-- Work to be completed --
Write out again, exactly, the lines below starting at the one with "Papier de recette Retro Stove Pink Kitchen" and ending at the one with "Georgette Bollywood Wedding".

Stored data
────────

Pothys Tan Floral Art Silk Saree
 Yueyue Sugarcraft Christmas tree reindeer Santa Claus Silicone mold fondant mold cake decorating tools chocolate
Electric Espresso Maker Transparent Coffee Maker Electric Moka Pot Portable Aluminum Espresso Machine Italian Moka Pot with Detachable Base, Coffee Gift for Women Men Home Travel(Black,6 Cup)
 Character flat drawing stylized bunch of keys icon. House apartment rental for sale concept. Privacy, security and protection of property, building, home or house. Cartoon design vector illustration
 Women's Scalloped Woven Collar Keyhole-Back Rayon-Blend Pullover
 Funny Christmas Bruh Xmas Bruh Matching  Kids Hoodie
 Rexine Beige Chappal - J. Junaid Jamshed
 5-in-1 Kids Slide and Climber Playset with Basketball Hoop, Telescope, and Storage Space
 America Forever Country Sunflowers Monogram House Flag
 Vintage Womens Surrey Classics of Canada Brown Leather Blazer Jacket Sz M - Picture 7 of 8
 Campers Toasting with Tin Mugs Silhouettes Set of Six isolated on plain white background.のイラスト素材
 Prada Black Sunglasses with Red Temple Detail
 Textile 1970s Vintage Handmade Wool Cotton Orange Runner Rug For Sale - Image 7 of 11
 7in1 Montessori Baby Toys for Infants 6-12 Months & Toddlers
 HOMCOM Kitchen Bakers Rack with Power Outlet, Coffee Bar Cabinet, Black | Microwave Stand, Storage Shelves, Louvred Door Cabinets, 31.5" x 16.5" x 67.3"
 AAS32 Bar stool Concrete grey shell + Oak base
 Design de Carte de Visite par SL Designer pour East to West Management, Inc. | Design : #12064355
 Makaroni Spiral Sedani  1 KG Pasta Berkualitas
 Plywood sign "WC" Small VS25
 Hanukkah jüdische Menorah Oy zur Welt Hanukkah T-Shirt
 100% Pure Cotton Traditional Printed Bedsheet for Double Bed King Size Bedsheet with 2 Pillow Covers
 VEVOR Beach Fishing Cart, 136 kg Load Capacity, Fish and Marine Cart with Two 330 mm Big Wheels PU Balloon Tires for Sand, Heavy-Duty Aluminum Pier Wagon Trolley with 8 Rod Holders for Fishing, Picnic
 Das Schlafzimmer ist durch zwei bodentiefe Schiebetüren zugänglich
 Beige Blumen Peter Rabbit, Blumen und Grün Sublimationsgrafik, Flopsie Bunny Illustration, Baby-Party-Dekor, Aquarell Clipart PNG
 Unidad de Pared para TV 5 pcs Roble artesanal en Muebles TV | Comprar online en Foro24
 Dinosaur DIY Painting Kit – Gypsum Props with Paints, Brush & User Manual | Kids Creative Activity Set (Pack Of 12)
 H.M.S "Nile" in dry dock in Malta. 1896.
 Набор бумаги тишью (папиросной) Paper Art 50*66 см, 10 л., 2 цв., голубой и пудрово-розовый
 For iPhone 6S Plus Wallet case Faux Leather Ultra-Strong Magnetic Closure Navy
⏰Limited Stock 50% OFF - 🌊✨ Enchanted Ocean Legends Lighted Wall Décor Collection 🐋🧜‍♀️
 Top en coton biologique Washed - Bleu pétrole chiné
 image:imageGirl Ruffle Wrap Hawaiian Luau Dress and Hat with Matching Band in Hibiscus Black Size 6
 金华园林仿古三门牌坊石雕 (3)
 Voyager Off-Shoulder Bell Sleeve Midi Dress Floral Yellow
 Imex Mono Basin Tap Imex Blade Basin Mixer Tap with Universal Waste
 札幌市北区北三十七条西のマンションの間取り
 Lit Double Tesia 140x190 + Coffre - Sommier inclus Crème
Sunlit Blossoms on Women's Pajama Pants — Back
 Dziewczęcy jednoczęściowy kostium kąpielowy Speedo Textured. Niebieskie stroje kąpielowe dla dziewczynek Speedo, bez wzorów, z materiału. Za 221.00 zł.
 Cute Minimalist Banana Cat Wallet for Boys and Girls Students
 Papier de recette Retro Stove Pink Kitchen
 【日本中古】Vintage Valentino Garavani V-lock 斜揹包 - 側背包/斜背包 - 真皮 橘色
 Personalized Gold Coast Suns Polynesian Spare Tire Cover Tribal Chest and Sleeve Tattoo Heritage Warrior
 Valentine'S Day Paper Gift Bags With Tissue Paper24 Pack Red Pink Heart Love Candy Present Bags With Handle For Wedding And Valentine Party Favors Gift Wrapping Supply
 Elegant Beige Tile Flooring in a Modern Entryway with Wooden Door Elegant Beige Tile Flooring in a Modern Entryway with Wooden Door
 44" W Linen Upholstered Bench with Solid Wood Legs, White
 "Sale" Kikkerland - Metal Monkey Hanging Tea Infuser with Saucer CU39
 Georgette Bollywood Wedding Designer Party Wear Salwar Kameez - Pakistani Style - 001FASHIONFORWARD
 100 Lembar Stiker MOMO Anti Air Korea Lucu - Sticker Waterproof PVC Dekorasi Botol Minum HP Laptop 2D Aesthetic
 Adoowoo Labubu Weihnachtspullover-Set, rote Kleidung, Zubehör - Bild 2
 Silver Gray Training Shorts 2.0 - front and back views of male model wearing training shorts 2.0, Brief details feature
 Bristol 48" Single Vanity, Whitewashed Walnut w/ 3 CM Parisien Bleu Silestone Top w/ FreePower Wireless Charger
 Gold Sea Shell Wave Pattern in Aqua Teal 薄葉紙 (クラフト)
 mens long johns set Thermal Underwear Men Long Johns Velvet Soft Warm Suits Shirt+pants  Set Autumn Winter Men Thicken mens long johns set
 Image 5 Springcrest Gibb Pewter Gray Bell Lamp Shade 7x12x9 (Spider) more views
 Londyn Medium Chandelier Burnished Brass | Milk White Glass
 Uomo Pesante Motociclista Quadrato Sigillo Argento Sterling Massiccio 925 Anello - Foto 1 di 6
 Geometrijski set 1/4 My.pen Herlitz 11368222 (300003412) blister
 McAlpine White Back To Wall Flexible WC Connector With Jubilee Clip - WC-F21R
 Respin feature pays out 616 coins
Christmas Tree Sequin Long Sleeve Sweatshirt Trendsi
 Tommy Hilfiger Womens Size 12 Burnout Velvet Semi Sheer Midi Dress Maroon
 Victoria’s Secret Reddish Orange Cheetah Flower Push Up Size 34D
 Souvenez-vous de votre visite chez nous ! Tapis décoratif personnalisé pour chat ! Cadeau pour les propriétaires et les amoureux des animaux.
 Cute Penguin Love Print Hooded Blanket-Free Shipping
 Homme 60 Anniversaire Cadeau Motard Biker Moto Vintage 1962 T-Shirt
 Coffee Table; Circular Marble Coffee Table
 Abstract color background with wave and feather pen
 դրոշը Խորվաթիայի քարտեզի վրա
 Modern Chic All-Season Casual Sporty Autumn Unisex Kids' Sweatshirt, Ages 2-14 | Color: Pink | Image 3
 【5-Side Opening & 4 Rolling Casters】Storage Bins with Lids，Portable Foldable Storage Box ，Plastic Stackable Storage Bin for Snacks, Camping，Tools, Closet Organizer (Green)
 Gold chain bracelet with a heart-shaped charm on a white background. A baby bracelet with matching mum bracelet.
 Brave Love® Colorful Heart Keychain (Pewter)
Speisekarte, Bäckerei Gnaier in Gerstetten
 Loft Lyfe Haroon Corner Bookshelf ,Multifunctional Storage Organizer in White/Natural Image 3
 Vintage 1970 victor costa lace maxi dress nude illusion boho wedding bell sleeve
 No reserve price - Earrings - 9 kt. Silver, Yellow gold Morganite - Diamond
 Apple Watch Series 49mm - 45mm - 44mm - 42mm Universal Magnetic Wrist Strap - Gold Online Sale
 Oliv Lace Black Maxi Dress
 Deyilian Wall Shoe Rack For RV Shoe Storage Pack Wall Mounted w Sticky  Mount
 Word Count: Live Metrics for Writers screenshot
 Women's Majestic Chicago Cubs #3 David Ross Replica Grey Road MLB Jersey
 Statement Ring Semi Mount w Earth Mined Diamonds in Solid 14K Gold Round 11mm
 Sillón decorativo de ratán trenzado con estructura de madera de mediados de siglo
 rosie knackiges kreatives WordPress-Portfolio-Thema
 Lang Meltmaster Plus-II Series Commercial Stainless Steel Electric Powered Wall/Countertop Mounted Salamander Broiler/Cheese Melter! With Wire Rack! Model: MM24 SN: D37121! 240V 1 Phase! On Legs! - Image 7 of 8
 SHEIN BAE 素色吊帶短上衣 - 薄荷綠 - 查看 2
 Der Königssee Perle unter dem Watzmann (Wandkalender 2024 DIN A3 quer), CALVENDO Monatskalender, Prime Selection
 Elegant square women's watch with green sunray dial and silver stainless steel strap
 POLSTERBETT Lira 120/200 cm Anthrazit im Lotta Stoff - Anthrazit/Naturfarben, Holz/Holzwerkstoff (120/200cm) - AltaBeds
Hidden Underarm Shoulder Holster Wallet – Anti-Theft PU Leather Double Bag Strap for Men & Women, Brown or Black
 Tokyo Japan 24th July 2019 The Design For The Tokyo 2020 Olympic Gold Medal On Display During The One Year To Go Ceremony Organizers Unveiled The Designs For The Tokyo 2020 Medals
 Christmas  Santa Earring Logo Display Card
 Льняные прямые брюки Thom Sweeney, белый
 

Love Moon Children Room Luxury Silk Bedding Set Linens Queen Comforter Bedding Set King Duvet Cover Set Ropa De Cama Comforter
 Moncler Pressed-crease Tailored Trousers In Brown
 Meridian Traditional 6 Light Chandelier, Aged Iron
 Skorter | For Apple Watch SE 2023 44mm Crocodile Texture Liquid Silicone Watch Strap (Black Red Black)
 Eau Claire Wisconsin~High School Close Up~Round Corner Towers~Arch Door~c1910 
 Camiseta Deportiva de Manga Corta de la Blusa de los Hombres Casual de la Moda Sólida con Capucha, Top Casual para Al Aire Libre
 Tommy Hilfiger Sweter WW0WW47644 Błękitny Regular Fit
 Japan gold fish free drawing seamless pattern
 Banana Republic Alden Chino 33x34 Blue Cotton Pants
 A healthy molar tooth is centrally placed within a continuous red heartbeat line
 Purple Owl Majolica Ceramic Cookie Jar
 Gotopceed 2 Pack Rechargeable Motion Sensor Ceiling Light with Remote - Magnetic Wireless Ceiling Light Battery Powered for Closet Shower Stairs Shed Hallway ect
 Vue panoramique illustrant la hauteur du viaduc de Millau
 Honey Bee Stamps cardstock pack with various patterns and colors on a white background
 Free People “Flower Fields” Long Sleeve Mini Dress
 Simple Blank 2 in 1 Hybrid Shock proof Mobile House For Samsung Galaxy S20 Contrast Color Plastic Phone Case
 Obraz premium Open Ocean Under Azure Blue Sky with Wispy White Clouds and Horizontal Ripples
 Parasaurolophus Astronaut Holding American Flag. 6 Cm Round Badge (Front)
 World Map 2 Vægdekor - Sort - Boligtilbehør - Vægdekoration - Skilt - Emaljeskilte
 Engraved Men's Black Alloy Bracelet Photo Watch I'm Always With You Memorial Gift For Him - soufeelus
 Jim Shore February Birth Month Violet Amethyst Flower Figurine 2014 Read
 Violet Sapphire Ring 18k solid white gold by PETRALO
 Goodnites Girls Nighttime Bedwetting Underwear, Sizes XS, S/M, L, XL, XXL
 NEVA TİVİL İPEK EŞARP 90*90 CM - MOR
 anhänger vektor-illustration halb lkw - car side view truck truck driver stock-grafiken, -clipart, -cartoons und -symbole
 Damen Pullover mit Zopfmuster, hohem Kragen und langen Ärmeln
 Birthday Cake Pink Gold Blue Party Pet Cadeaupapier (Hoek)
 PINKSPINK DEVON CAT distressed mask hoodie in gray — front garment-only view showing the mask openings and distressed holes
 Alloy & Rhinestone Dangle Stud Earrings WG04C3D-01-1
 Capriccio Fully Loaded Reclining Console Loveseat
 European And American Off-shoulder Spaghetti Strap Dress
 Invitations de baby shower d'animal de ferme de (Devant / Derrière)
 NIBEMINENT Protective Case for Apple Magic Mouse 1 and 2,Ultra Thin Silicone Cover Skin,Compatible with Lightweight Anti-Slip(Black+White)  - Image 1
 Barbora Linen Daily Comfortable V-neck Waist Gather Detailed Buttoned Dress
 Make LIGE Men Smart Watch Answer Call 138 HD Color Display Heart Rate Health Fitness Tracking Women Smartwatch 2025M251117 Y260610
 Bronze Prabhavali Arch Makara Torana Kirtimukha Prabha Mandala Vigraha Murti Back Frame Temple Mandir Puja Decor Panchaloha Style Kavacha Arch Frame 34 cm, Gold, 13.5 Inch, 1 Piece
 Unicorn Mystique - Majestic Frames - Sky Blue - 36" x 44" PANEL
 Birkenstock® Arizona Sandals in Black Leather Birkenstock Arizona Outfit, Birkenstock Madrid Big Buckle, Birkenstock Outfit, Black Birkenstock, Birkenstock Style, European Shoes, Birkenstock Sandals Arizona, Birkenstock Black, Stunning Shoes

────────

-- Answer to this problem --
 Papier de recette Retro Stove Pink Kitchen
 【日本中古】Vintage Valentino Garavani V-lock 斜揹包 - 側背包/斜背包 - 真皮 橘色
 Personalized Gold Coast Suns Polynesian Spare Tire Cover Tribal Chest and Sleeve Tattoo Heritage Warrior
 Valentine'S Day Paper Gift Bags With Tissue Paper24 Pack Red Pink Heart Love Candy Present Bags With Handle For Wedding And Valentine Party Favors Gift Wrapping Supply
 Elegant Beige Tile Flooring in a Modern Entryway with Wooden Door Elegant Beige Tile Flooring in a Modern Entryway with Wooden Door
 44" W Linen Upholstered Bench with Solid Wood Legs, White
 "Sale" Kikkerland - Metal Monkey Hanging Tea Infuser with Saucer CU39
 Georgette Bollywood Wedding Designer Party Wear Salwar Kameez - Pakistani Style - 001FASHIONFORWARD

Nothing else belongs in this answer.